Caption-style text data:
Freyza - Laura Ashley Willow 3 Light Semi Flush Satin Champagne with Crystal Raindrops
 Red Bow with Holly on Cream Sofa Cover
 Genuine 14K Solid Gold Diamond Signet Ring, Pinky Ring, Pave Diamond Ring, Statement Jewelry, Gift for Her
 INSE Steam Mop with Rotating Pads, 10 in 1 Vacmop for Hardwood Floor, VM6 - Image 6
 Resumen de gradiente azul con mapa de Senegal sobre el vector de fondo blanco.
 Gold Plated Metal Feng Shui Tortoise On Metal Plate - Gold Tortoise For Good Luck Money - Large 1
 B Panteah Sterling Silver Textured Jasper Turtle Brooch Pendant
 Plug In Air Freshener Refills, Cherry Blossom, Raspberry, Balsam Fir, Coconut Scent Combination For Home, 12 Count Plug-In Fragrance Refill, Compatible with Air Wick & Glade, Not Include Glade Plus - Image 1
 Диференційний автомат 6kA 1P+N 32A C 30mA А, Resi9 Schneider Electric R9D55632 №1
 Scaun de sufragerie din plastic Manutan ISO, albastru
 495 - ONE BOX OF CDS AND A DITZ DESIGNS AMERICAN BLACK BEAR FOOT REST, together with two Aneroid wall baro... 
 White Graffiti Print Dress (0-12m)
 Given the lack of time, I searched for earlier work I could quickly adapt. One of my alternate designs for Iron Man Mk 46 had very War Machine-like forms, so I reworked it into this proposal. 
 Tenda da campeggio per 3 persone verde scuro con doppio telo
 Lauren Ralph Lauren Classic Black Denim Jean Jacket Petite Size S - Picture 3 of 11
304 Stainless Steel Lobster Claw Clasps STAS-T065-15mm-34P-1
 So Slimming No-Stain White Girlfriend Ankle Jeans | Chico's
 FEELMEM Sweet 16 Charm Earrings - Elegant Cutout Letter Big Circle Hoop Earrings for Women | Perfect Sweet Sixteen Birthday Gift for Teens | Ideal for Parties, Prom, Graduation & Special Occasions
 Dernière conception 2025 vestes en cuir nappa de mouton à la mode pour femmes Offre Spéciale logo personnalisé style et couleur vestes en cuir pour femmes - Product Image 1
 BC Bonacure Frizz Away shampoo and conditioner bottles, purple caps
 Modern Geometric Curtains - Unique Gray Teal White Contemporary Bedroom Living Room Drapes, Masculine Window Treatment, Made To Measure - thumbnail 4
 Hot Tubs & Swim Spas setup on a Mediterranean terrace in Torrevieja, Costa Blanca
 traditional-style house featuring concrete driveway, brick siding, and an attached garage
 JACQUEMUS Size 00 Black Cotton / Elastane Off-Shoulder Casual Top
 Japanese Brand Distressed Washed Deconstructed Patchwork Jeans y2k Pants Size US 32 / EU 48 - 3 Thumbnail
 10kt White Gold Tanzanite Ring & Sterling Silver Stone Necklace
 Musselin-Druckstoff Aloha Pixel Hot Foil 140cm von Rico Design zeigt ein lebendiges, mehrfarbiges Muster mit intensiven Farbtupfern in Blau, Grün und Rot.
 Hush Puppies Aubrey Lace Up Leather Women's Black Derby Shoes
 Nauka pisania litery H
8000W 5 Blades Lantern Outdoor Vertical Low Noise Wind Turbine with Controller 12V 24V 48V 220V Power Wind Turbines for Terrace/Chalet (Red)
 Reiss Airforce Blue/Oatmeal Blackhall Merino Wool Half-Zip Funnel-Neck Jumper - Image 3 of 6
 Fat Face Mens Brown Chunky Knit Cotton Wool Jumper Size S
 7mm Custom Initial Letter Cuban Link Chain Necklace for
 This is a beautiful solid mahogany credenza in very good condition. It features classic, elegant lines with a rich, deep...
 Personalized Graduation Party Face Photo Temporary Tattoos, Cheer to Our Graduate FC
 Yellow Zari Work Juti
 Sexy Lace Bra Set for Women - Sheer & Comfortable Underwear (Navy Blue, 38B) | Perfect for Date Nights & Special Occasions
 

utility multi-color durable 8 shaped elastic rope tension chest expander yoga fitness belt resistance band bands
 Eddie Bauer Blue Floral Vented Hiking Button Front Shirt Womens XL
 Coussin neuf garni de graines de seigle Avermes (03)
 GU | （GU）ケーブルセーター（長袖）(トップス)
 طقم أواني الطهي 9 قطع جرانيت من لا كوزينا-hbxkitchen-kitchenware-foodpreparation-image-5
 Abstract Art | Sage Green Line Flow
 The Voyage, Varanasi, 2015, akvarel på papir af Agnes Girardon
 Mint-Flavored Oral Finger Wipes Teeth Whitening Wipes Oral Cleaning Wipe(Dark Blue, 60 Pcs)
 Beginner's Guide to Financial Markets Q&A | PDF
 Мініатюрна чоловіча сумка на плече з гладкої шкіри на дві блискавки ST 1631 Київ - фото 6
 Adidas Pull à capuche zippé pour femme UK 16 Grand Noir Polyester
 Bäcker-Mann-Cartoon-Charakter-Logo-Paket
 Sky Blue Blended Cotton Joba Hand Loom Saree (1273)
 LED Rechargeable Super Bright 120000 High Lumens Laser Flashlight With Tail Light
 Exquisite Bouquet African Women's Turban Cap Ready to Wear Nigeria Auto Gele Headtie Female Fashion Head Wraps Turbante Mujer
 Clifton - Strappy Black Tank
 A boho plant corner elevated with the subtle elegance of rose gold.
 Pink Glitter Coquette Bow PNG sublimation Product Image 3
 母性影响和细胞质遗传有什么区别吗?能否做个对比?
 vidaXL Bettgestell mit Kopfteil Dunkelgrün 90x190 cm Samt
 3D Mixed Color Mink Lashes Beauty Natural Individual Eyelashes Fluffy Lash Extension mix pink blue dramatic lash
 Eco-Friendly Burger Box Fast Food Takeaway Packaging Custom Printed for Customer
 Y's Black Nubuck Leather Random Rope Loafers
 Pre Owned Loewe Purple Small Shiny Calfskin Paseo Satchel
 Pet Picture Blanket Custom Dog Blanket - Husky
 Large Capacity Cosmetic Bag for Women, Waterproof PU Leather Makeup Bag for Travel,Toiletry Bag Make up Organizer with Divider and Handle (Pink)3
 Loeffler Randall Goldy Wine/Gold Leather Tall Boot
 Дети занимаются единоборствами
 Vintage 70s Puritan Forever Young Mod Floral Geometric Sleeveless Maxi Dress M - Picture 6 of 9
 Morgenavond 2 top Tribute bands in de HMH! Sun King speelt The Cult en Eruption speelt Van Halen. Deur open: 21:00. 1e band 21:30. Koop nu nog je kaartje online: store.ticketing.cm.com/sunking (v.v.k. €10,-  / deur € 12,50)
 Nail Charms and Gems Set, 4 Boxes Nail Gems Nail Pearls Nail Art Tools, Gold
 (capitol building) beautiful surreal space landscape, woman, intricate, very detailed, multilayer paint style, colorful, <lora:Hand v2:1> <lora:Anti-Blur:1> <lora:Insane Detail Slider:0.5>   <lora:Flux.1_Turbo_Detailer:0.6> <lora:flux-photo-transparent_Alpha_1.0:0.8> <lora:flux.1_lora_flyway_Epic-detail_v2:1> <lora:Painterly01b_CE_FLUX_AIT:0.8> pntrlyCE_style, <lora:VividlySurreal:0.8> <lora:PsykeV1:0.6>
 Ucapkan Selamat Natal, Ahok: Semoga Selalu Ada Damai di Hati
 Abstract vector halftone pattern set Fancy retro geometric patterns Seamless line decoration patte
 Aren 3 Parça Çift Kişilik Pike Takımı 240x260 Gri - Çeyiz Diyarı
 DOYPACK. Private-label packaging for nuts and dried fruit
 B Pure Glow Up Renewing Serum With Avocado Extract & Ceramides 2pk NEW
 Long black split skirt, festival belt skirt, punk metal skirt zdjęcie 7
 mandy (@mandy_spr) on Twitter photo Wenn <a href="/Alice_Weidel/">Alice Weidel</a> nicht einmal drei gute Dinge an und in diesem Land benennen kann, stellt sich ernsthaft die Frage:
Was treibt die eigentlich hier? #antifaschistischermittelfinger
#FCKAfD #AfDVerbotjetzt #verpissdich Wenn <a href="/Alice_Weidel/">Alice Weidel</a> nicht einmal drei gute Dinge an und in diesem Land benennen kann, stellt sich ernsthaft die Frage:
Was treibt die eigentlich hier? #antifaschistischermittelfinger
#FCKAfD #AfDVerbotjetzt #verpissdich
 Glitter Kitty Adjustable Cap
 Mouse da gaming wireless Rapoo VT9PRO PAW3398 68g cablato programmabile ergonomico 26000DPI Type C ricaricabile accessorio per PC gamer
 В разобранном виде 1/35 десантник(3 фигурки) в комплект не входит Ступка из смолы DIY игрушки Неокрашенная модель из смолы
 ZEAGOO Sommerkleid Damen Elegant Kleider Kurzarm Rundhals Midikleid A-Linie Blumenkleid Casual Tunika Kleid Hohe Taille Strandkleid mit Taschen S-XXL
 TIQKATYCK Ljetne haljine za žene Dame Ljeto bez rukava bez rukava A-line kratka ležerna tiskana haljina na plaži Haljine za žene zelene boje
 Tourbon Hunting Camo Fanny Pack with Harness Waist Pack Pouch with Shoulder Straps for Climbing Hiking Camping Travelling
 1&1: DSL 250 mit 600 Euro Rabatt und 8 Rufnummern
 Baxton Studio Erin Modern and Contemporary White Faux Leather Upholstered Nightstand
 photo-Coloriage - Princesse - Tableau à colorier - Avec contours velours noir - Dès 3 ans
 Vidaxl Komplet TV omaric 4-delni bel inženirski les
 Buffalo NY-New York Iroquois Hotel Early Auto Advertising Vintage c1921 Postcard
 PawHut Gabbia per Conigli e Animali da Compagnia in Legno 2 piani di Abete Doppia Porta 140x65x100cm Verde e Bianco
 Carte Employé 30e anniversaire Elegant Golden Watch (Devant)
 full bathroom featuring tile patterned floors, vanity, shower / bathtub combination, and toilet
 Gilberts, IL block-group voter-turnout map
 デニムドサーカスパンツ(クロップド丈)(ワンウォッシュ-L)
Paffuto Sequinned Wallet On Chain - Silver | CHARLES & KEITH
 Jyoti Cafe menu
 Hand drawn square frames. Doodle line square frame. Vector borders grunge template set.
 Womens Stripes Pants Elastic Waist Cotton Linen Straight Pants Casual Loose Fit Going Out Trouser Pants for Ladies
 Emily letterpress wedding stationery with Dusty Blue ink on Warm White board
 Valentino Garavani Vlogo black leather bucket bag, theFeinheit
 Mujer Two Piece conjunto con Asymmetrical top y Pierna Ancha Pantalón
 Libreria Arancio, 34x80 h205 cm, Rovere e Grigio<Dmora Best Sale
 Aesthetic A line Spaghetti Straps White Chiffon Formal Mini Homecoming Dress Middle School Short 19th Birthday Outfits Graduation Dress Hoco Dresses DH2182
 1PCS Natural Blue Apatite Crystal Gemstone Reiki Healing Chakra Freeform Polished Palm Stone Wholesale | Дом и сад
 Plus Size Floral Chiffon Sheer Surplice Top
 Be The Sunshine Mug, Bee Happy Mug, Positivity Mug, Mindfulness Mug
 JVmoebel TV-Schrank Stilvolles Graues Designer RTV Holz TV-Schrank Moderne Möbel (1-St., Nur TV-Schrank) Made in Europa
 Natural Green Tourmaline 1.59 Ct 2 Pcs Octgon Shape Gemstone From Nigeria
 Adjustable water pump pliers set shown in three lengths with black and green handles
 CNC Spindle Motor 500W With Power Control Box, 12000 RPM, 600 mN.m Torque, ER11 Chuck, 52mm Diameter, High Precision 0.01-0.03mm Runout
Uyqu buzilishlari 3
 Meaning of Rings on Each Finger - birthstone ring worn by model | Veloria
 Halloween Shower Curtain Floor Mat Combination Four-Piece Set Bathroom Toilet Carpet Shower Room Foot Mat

== Exercise ==
How many of the lines above contain the string "Nigeria"? Give the number only.

== Answer ==
2